Aurora Health Care, Inc., through owned and controlled corporate and limited liability affiliates and employees of such entities, provides health care to patients, residents and clients jointly with health care providers and other organizations. The following persons and entities, who have agreed to be bound by this notice, will jointly use this notice for convenience to meet federal law requirements; provided that, each person and entity is solely and separately responsible and liable for complying with this notice and applicable law (and Aurora Health Care, Inc. and its affiliates are only liable for their own violations):

All employed staff or volunteers of Aurora Health Care, Inc., including staff of other affiliated entities

Any health care professional who agrees to be bound by this notice and who treats you at any of our facilities with respect to your information stored at the facility. Please be aware that many health care professionals are independent contractors, which means they are not employed or controlled by Aurora Health Care, Inc.
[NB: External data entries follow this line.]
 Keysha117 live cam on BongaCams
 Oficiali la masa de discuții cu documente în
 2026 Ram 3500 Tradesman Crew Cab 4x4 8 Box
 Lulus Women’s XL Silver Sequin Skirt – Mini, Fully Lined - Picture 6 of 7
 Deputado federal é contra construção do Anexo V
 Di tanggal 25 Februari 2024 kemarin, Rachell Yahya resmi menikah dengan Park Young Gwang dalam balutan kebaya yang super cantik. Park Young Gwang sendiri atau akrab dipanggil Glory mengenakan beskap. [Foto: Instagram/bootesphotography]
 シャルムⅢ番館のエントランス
Such independent health care professionals may have different policies or notices regarding the use or disclosure of your health information stored at their office and that each person or entity is independently responsible for their own compliance with this notice and federal and state law. You should determine if your health care professional is employed or controlled by Aurora Health Care, Inc. or one of its controlled entities

Any of our business partners or associates with whom we share health information and who agree to be bound by this notice.

This notice is effective on and after April 14, 2003, unless and until it is revised by Aurora Health Care, Inc.